Conceptual Assumptions in WE1S Topic Modeling

by Joyce McGee Brummet, Mauro Carassai, Dr. Colleen Tripp, and Katie Wolf
Published July 30, 2018

The WE1S Research Blog posts discoveries, observations, and questions by project members bearing on WE1S's themes and methods. (For context, see "About" WE1S.)
In the Philosophy of Methods research group, we hoped this summer to make transparent the implicit assumptions of WE1S’s methods and consider how these assumptions affect our research outcomes. In particular, we were interested in the overall interpretive protocol of the WE1S research project. For example, while the current WE1S “Interpreting Topic Models” resource page includes a focus on topic model interpretation via quantitative methods, our research on the Philosophy of WE1S Methods indicates the significance of ways of close-reading during the process and the importance of literary theory in WE1S’s project of machine-coded learning.
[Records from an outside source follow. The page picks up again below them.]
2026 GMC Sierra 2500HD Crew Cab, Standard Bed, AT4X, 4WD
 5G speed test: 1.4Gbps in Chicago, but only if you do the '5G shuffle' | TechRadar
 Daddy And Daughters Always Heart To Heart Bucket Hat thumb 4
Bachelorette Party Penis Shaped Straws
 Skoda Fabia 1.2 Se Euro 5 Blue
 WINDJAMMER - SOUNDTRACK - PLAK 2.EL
Considering this, the Philosophy of Methods research group developed a tentative interpretive protocol based on the significance of language and theory-oriented close-reading processes in the creation of outcomes for WE1S. For example, when we develop WE1S topic labels, is it, as critic Miriam Posner would argue, something as simple as “finding patterns” in the associated topic words and crafting a label? Or, is the process more complex and affected by our implicit ways of close-reading? Joan A, a humanities scholar interested in economics, for example, may see and label a preponderance of topics based on conceptual ideas, such as money, power, and labor, while Mary K., a computer science high school teacher, may note a preponderance of topics based on the particular and material, such as the work day in Dublin and middle class administrators in a European university. Our group’s informal experimenting with topic labeling produced these very same diverse results in labels.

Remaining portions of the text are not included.